Frankfurt/Main. Ein mutmaßlicher Fall von Exorzismus in Frankfurt endet nach einem Gewaltausbruch tödlich. Die Hintergründe der Tat sind offen.

Es muss ein qualvoller Tod gewesen sein. Mindestens zwei Stunden lang prügeln fünf Verwandte in einem Hotelzimmer in Frankfurt auf eine 41-Jährige ein, weil sie angeblich vom Teufel besessen war. Dann erstickt die Frau. Auch der 15 Jahre alte Sohn des Opfers soll bei dem Gewaltexzess mitgemacht haben, so die Ermittler. Die fünf mutmaßlichen Täter im Alter von 15 bis 44 Jahren sitzen in Untersuchungshaft. Viele Fragen zu dem Fall sind offen. Handelten die Verdächtigen in Eigenregie? War es womöglich der Wunsch des späteren Opfers, den Teufel auszutreiben? Ein weiteres Rätsel: In einem Haus im Taunus, in dem die vor sechs Wochen nach Hessen eingereisten Koreaner zeitweise wohnten, entdecken die Ermittler eine weitere, schwer verletzte Frau.

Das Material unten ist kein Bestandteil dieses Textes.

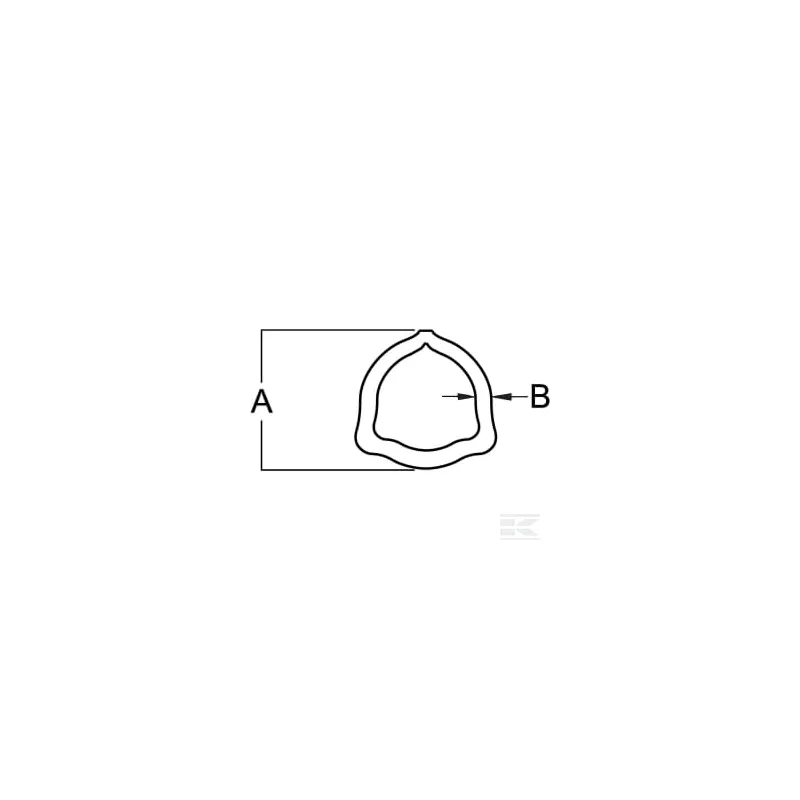 Tube profilé extérieur 4, triangulaire, diamètre 43,5 x 37,3 x 3,1 mm, longueur : 3 000 mm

Der Wiesbadener Kriminologe Rudolf Egg versucht zu erklären, was Menschen zum Exorzismus treibt: "Die Täter glauben, etwas Gutes zu tun." Die Austreibung eines bösen Geistes könne dabei sogar den Tod rechtfertigen. Dadurch sei der angeblich vom Bösen befallene Mensch wenigstens erlöst. Egg sagt, auch in der westlichen Welt sei es bei psychisch Kranken früher gängige Vorstellung gewesen, dass der Teufel von ihnen Besitz ergriffen habe.

Der tödliche Exorzismusfall von Frankfurt weckt Erinnerungen an die Studentin Anneliese Michel, die vor rund 40 Jahren in Franken ums Leben gekommen war. Die epilepsiekranke Studentin starb 1976 an den Folgen extremer Unterernährung. Während der Monate, in denen zwei Geistliche 67 Mal den Exorzismus vollzogen, verweigerte sie zunehmend das Essen. Ihre strenggläubige Familie und die Geistlichen, die sich abgeschottet und keinen Arzt gerufen hatten, wurden wegen fahrlässiger Tötung zu Bewährungsstrafen verurteilt. Der Fall löste harsche Kritik an der katholischen Kirche und eine Debatte über ihre Riten aus.

Johannes Lorenz vom Bistum Limburg erläutert, dass Teufelsaustreibungen in der katholischen Kirche zwingend die Erlaubnis des Bischofs benötigten. Diese Erlaubnis sei an äußerst strikte Regeln geknüpft, die ärztliche und psychologische Gutachten einbezögen. Die Würzburger Historikerin Petra Ney-Hellmuth, die ihre Doktorarbeit über den Fall Anneliese Michel geschrieben hat, berichtet, dass dennoch Exorzismen ohne kirchliche Genehmigung stattfänden. Wie viele es sind, lasse sich aber nur schwer schätzen. Der Journalist Marcus Wegner, der sich seit vielen Jahren mit Exorzismus befasst, geht davon aus, dass es vier bis fünf inoffizielle Exorzismen pro Tag in Deutschland gibt - "verteilt auf alle Religionen, Konfessionen und Abspaltungen".